By Michael Kleen ~ Published August 7, 2013 at the Rock River Times

unclesammoneyhatCongress passed the American Recovery and Reinvestment Act of 2009 in order to use Federal funds to stimulate the US economy, which had tumbled into severe recession. That February, the US unemployment rate hit 8.3 percent. The unemployment rate in Rockford was 14.1 percent in January 2009 and peaked at 20.3 percent in January 2010.

The Federal stimulus package provided $1 billion to the Community Services Black Grant Program for two years, ending on September 30, 2010. The stated purpose of this fund was to reduce poverty, revitalize low-income communities, and help low-income Americans. This would be done by providing services addressing employment education, better use of available income, housing, nutrition, and health.

The State of Illinois awarded Rockford’s Human Services Department $1,062,800 out of this fund. The Office of Inspector General of the US Health and Human Services Department later conducted an audit of how 56 percent (roughly $599,000) of that amount was spent in Rockford and determined that a hair more than one third of the audited funds were unallowable under the Recovery Act. A further $141,796 was deemed “potentially unallowable.” So the audit determined that fully 58 percent of the funds they examined were either unallowable or potentially unallowable.
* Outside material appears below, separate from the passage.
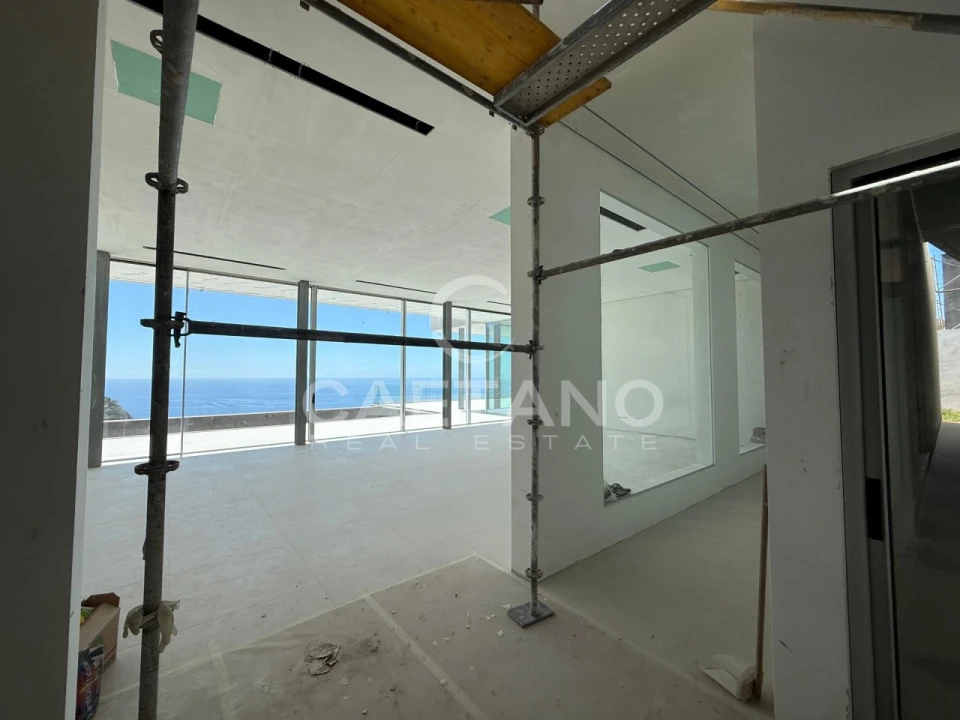 Moradia T3 para Venda em Calheta Foto 40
The unallowable costs included $123,530 that was inadequately documented, $72,669 charged outside the award period, and $9,097 in entertainment expenses. The entertainment expenses included $8,717 for movie theater rental and $380 for paintballing. When the State of Illinois reviewed Rockford’s Recovery Act legers, it found that $6,615 in unused movie tickets was returned to the fund and therefore should have been allowable, but that information did not cause the Inspector General’s office to revise its findings.